De la iglesia principal del municipio, los voluntarios siguen sacando baldes de barro, de un interior donde el agua llega a los tobillos.
Frente al barranco, un grupo de voluntarios trata de apartar el barro que llena una de las vías.
“Falta organización. La gente quiere ayudar, pero no hay nadie que organice”, observa Montse Fernández, que ha venido desde Godella, al norte de Valencia.

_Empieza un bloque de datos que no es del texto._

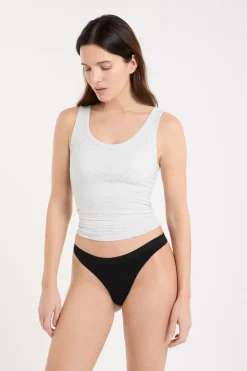 New ETAM Tanga sin costuras NEGRO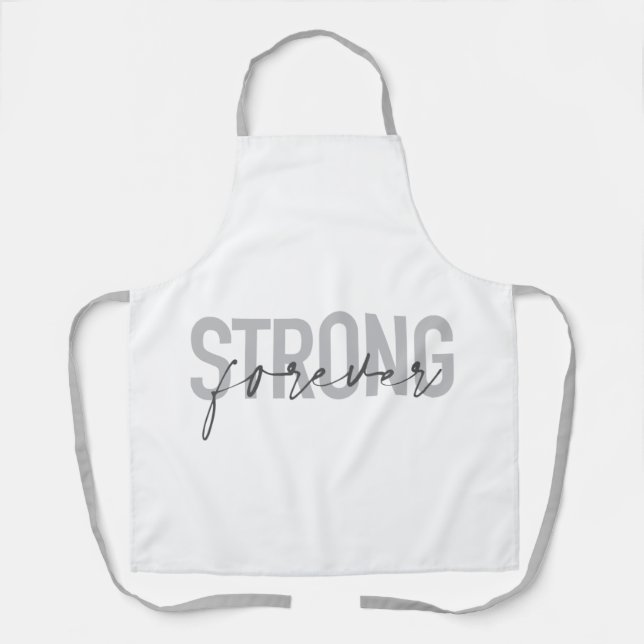 Tablier Design moderne, simple, chic et élégant Strong For (Recto)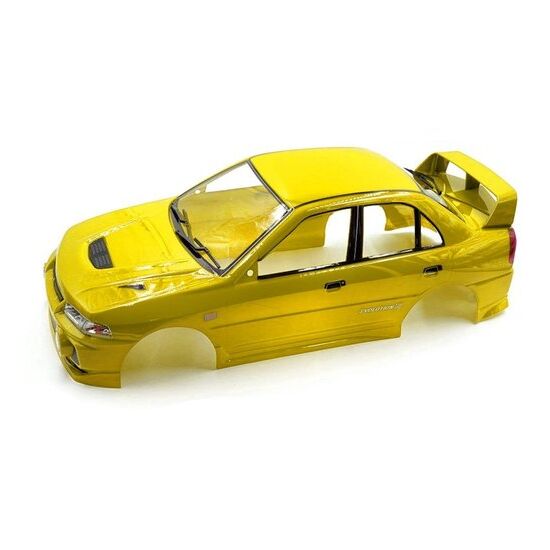 Yeah Racing Karosserie Lancer Evo IV Gelb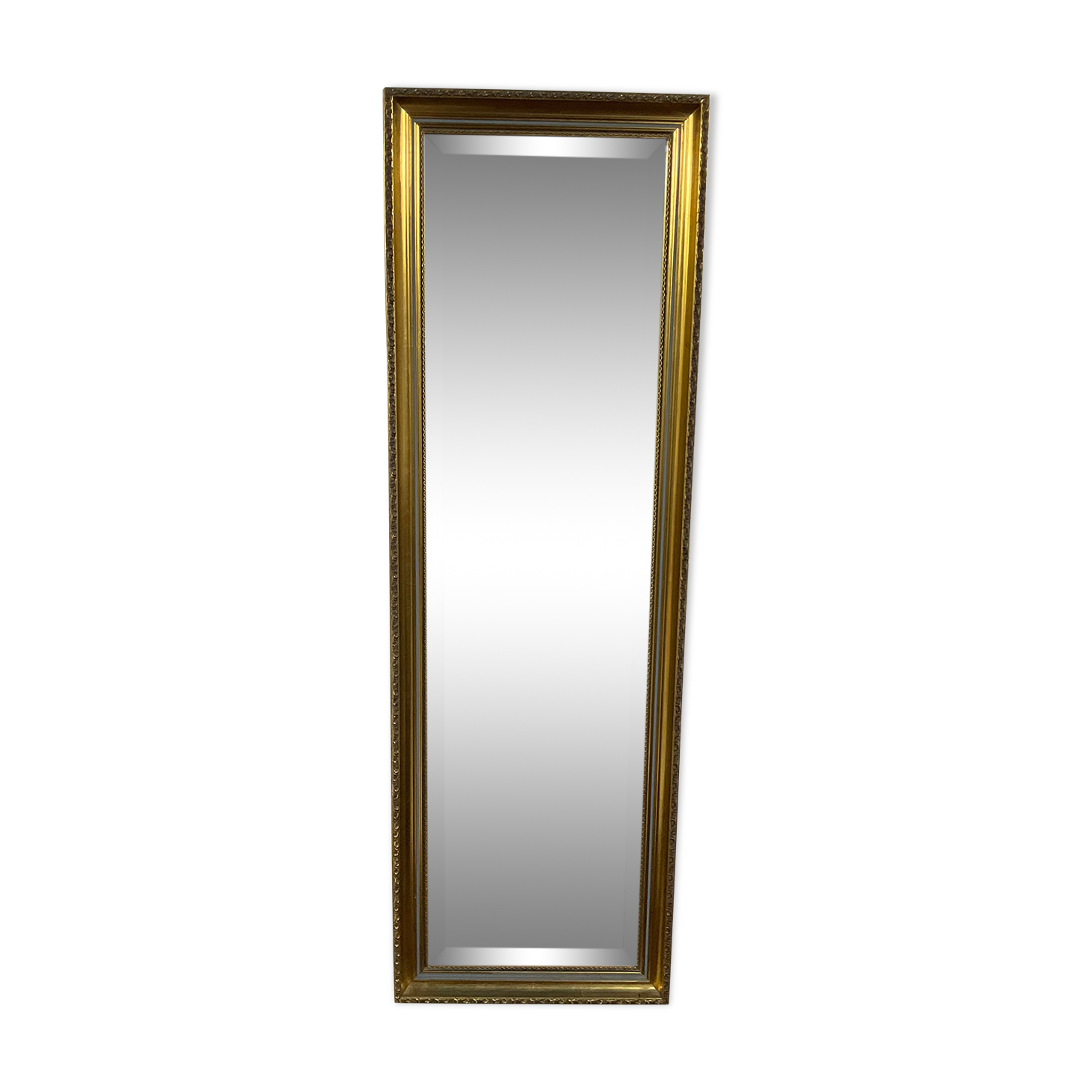 Vintage mirror in gilded wood and beveled glass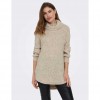 ONLY ONLTRUDY NEW LIFE L/S LONG ROLLNECK KNT GRAY/BEIGE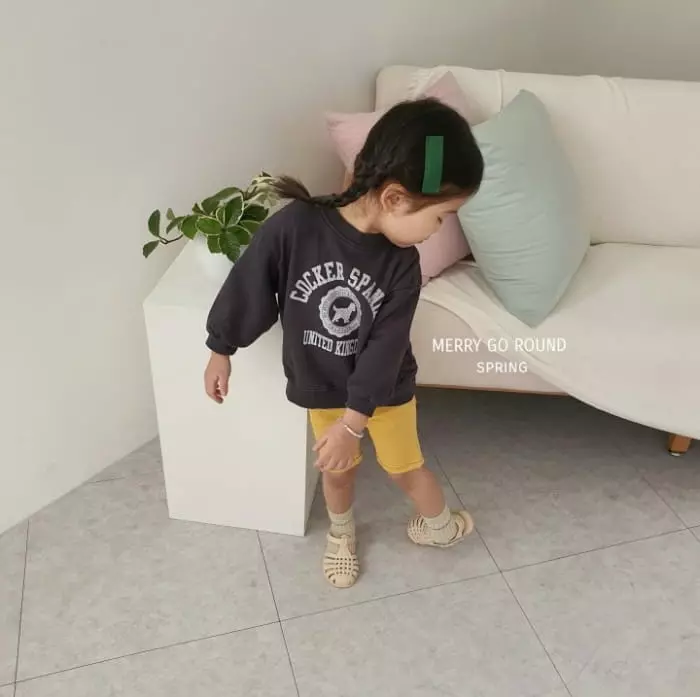 Merry Go Round - Korean Children Fashion - #prettylittlegirls - Cocker Spaniel Sweatshirt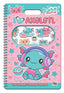 Copertina del libro I LOVE AXOLOTL. PUFFY STICKER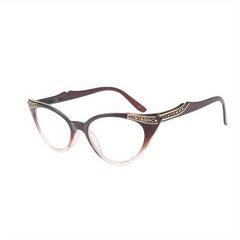 Retro Cat Eye Reading Glasses Bright Finish Readers 1.0-4.0
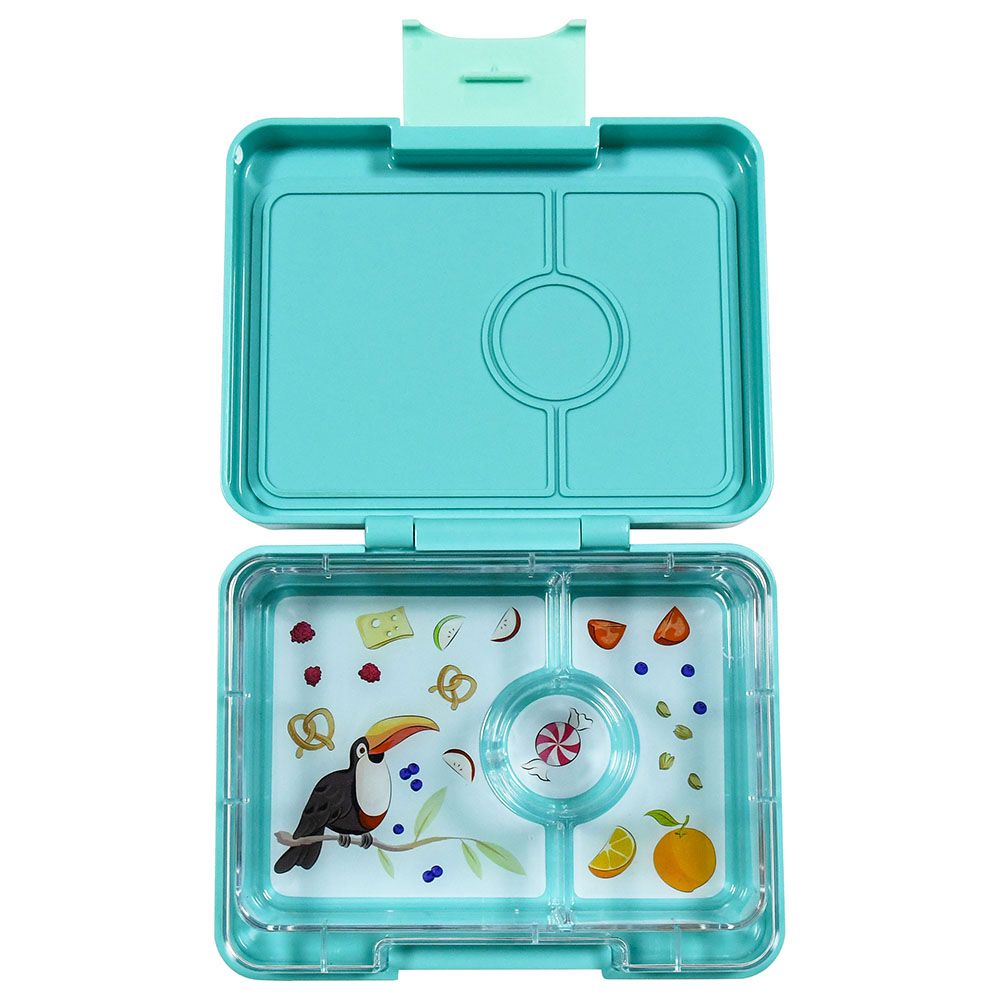 Yumbox - 3 Compartment Snack Box - Misty Aqua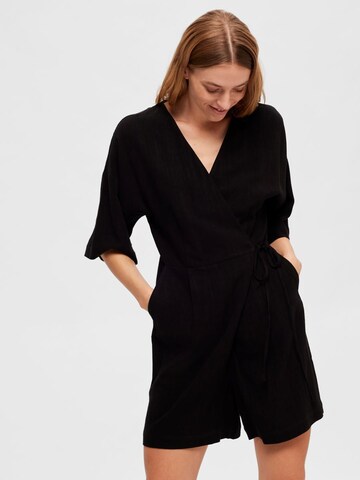 SELECTED FEMME Jumpsuit 'VITA-MALVINA' in Zwart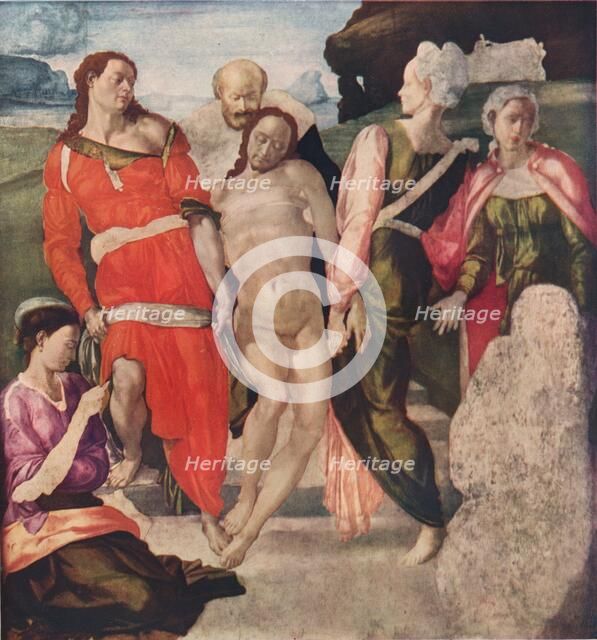 The Entombment, c1500, (1911). Artist: Michelangelo Buonarroti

“No hay suficientes bomberos, no llegan las palas… Aquí todo es particular”, explica Paco Clemente, un farmacéutico de 33 años que ha venido de la cercana Torrente, mientras saca montones de fango del interior de la casa de unos amigos.
Al otro lado del barranco, Estefanía García camina con precaución entre el barro con su bebé de un mes y medio dormida en los brazos. Su familia le está esperando junto a su hija de dos años para irse de Paiporta a un lugar más seguro. Han sido días terribles, pero pese a todo se siente afortunada. “Hemos perdido los coches, parte de la casa, pero estamos vivos”, explica con los ojos vidriosos.